ANNEXE À LA DÉCISION No 353-C-A-2012
EXTRAITS LÉGISLATIFS ET TARIFAIRES APPLICABLES
Loi sur les transports au Canada, L.C. (1996), ch. 10, modifiée
Paragraphe 67(3)
Le titulaire d’une licence intérieure ne peut appliquer à l’égard d’un service intérieur que le prix, le taux, les frais ou les conditions de transport applicables figurant dans le tarif en vigueur publié ou affiché conformément au paragraphe (1).
Article 67.1
S’il conclut, sur dépôt d’une plainte, que le titulaire d’une licence intérieure a, contrairement au paragraphe 67(3), appliqué à l’un de ses services intérieurs un prix, un taux, des frais ou d’autres conditions de transport ne figurant pas au tarif, l’Office peut, par ordonnance, lui enjoindre :
- d’appliquer un prix, un taux, des frais ou d’autres conditions de transport figurant au tarif;
- d’indemniser toute personne lésée des dépenses qu’elle a supportées consécutivement à la non-application du prix, du taux, des frais ou des autres conditions qui figuraient au tarif;
- de prendre toute autre mesure corrective indiquée.
Disposition tarifaire
RÈGLE 230AC, RESPONSABILITÉ – BAGAGES
(A)(1)(Applicable uniquement pour le transport à l’intérieur du Canada et non conjointement à un trajet international.) La responsabilité à l’égard des dommages aux bagages et aux autres effets personnels, de leur livraison tardive ou de leur perte, ne doit en aucun cas dépasser 1 500 $ par passager, à moins que le passager n’ait déclaré au préalable une valeur excédentaire et n’ait acquitté des frais supplémentaires, conformément aux règles du transporteur, selon la définition prévue au paragraphe C).
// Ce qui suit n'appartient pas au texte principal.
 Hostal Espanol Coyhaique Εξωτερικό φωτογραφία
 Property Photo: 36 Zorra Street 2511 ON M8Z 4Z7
En pareil cas, la responsabilité du transporteur se limite à cette valeur excédentaire déclarée. En aucun cas la responsabilité du transporteur ne doit dépasser la perte réelle subie par le passager. Toutes les réclamations sont sous réserve de la preuve du montant de la perte subie. Ces limites s’appliquent également aux bagages ou autres effets personnels (comme ils ont été définis à la règle 195) que le transporteur a accepté d’entreposer temporairement dans une agence urbaine ou un bureau aéroportuaire, ou à tout autre endroit avant ou après le voyage.